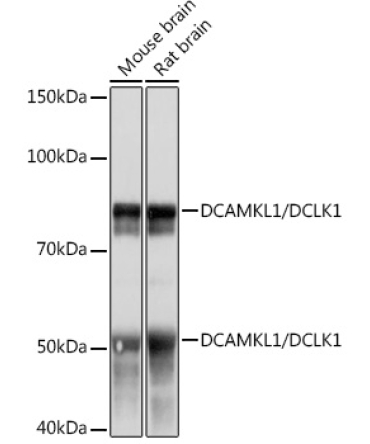 DCAMKL1/DCLK1 Rabbit Monoclonal Antibody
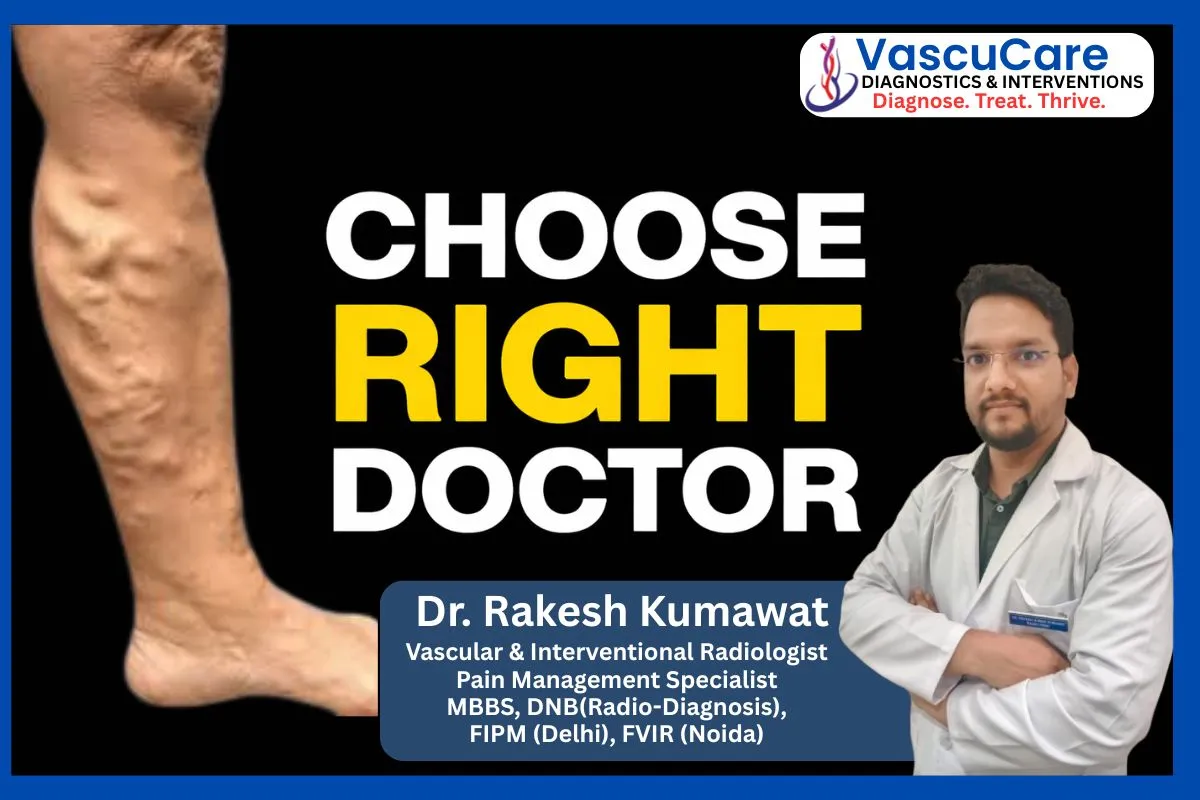 Why Consulting a Vein Specialist Early Can Prevent Serious Vein Problems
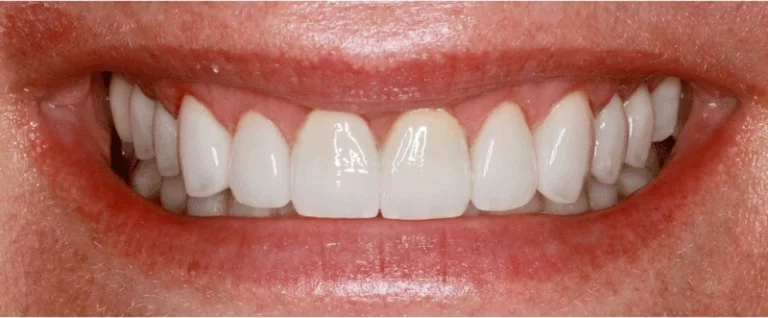 Smile after getting veneers at Winter Dental in Arvada, CO.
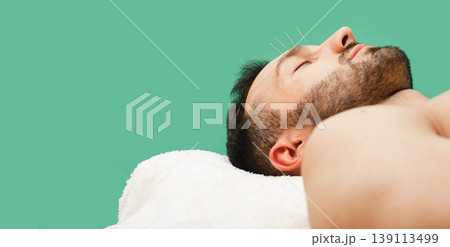 Acupuncture needles for treating a man's headache. Traditional chinese medicine Acupuncture needles for treating a man's headache. Traditional chinese medicine 139113499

---*---

__Brief__:
Exact copy, no pictures: please print the data above once more.

__Solution for this exercise__:
 DCAMKL1/DCLK1 Rabbit Monoclonal Antibody
 Why Consulting a Vein Specialist Early Can Prevent Serious Vein Problems
 Smile after getting veneers at Winter Dental in Arvada, CO.
 Acupuncture needles for treating a man's headache. Traditional chinese medicine Acupuncture needles for treating a man's headache. Traditional chinese medicine 139113499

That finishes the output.